Deep Learning has become one of the most important computational workloads in recent years. But researchers have noted that long training time is the fundamental impediment to innovation in artificial intelligence.
During a deep learning model, a multi-stage training loop is created. The time required to train a network depends on the rate at which inputs can be processed through the feedback loop. The faster the inputs can move through the loop, the more inputs can be sent through the loop per unit time, and the faster the model can train.
The only way to reduce training time is to reduce the time it takes for the inputs to travel through the feedback loop. Accelerating calculation is done by increasing the number of computing cores as more cores do more calculations in less time.
This is precisely what California-based startup Cerebras said when it unveiled what is believed to be the largest computer chip with over 400,000 cores. Known as the Wafer Scale Engine, the chip consists of 1.2 trillion transistors and has been created after four years in research and development.
Putting together 400,000 cores on a single wafer is astonishing if you compare it to a very powerful CPU containing only 300 cores. Cerebras Systems has reported that it will be easier for companies to train models much quicker and remove the bottleneck faced in training times. The company has claimed that it is a wafer-scale implementation of a neural network.

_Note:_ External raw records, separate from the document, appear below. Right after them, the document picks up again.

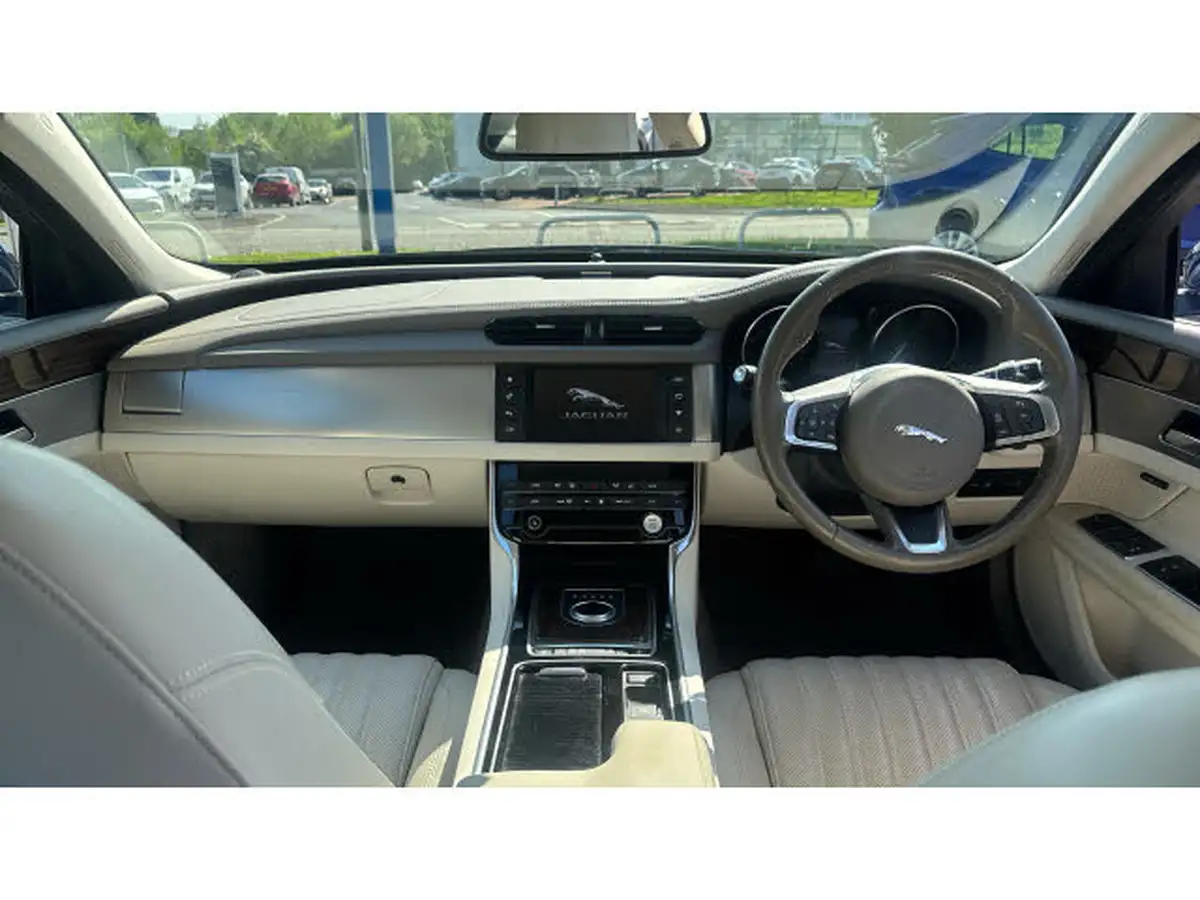 2017-jaguar-xf-20td-portfolio-180ps-saloon-4d-1999cc-auto-big-9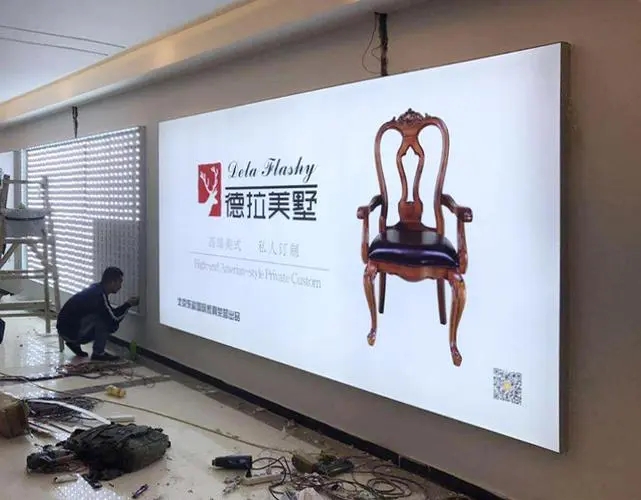 成都广告深夜AV免费观看灯箱的安装和维护的技巧？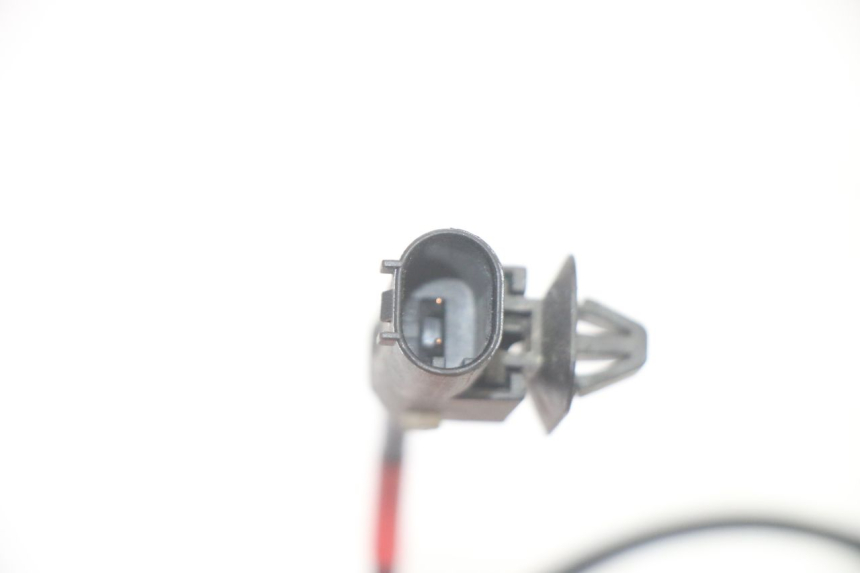 photo de FRONT ABS SENSOR PIAGGIO MP3 500 (2016 - 2018) - Surface and material condition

The Chip Can Perform Same As A Cluster Of Hundreds of GPUs
For long, graphics processing units (GPUs) have been used for training deep learning models. This is the reason why NVIDIA has become a prominent chip manufacturer in the last five years. Google has also created its TPUs which can be customised for specific deep learning models. How you use GPUs or TPUs to create deep learning systems is to cluster individual chips together. Now, Cerebras chip has 56 times in area when you compare it to NVIDIA largest server GPU (NVIDIA Volta) which has 21 billion transistors. Cerebras says its processor can do the same work as a cluster of hundreds of GPUs, and consuming less power and space in doing so.
Moreover, the chip can allow the training of more complex deep learning models due to the huge amount on chip memory. The company’s CEO also reported that data can move around a chip around 1,000 times faster than it can between two individual chips which are linked. As a result, Wafer Scale Engine can reduce the time for data processing from months to as low as 2 minutes, according to Cerebras.
How Cerebras Overcame The Challenges in Design
Creating the world’s largest chip would come up with its own challenges-cooling the chip is one major challenge. While smaller chips are easier to cool, it is more complex for Wafer Scale Engine. Here, to overcome this a cold plate is attached above the silicon and has vertically mounted water pipes to help it cool. Due to the fact that it needed a special package, the company has designed its own, combining the printed circuit board (PCB) and wafer with the cold plate using a custom connector.
In such a large chip with 400,000 cores, there may be defective cores. The company overcame this issue by designing the chip with redundant processing cores, having anticipated in advance that defective cores could potentially render the chip useless. I/O fabric connecting one core to the next can route around defective cores.
Overview
By accelerating AI compute, the Cerebras WSE eliminates the main impediment to the artificial intelligence innovation, by reducing the time it takes to train models from months to minutes and from weeks to seconds. Thus, the WSE enables data scientists to test hypotheses more quickly and to explore ideas that today are untestable with legacy architectures or are too risky to try.